• _Extracted entries_:
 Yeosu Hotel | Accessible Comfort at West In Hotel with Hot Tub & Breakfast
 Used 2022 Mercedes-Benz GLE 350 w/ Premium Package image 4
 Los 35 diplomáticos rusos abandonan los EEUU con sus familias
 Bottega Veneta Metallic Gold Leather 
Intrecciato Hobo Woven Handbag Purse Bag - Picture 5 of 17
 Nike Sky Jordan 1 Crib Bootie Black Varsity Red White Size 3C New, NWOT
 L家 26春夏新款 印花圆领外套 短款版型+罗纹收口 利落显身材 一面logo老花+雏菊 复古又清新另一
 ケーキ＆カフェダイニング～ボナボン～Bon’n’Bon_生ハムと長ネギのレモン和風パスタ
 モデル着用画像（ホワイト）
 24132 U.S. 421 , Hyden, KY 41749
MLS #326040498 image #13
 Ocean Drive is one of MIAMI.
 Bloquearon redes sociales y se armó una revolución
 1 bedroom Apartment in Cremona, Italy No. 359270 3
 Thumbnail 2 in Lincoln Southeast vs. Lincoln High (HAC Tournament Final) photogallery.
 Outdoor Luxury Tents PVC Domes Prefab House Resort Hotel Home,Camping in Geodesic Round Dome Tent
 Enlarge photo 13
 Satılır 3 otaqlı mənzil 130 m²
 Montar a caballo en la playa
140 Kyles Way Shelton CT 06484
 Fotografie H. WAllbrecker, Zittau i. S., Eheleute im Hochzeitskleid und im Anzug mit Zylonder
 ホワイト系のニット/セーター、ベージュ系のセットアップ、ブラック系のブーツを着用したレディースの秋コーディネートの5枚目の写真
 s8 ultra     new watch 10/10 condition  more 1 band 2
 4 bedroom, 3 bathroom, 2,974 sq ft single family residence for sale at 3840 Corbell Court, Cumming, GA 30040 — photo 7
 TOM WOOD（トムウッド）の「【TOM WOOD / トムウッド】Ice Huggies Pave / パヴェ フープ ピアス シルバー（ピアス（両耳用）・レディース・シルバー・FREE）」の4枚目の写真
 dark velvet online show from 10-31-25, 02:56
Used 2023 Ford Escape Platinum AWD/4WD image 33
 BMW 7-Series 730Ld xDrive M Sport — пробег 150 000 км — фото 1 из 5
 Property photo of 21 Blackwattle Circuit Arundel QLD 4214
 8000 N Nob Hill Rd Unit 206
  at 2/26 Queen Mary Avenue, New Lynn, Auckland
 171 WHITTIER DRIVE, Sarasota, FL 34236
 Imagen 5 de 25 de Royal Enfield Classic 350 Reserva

• _Work instructions_: Identify the lines of the data that contain the word "Used". Copy each of them.

• _Result for this exercise_:
 Used 2022 Mercedes-Benz GLE 350 w/ Premium Package image 4
Used 2023 Ford Escape Platinum AWD/4WD image 33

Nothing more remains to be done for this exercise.